Construct validity---determining the validity of a construct is important when the test user wishes to infer the degree to which the individual possesses some hypothetical trait or quality (construct) presumed to be reflected in the test performance (e.g. neuroticism, creativity, anxiety, etc.).
Predictor tests are constructed to sample the skills, attributes, or traits required by the criterion. If the coefficient is low, there is little relationship between the two. Predictive validity coefficients vary considerably, but correlations of .60 or .70 are considered to be high. A .90 would be excellent.
Norms. The norms of a test are the scores reported for the people who were originally tested to standardize the test. If a person who takes a test has a background and experiences that are much different from those of the persons in the normative sample, the test may be unfair. The issue of norms is a basic concern in the testing of minority students, because they are compared with norms that reflect different experiences, opportunities, and privileges.
Types of Scores
Percentile
The percentile is one of the most common and easily interpreted type of test score. The percentile is the rank of an individual score in a distribution of scores for 100 subjects. A score at the 5Oth percentile means that the performance of the subject is equal to or greater than 50 out of 100 people; a score at the 85th percentile means that the performance is equal to or greater than that for 85 people out of 100. It is important to recognize that a percentile score of 50 is not inferior.
Developmental Scores
Developmental scores are easily understood also because they can be intuitively interpreted in terms of chronological age, mental age, or grade equivalents.
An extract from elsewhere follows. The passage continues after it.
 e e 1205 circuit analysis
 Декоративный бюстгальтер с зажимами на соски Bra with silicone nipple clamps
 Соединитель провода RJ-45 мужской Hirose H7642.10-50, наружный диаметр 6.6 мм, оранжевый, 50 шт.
The grade equivalent is very common in school reports but chronological age and mental age may be used with younger children and infants. It is important to remember that there are wide differences in developmental scores for young children because of reliability problems of instruments. These scores are of limited usefulness because they do not relate to equal intervals, as in the case of standard scores. They also vary greatly from test to test, depending on the learning experiences of the sample used to develop norms for a test. Thus, it is not uncommon to find highly disparate scores for the same subject in a series of similar tests.
Standard Scores
Deviation IQ scores on individual intelligence tests, Z-scores, T-scores, and stanine scores are examples of standard scores. Such scores are related to percentiles and can be interpreted in the same way that standard deviations are interpreted.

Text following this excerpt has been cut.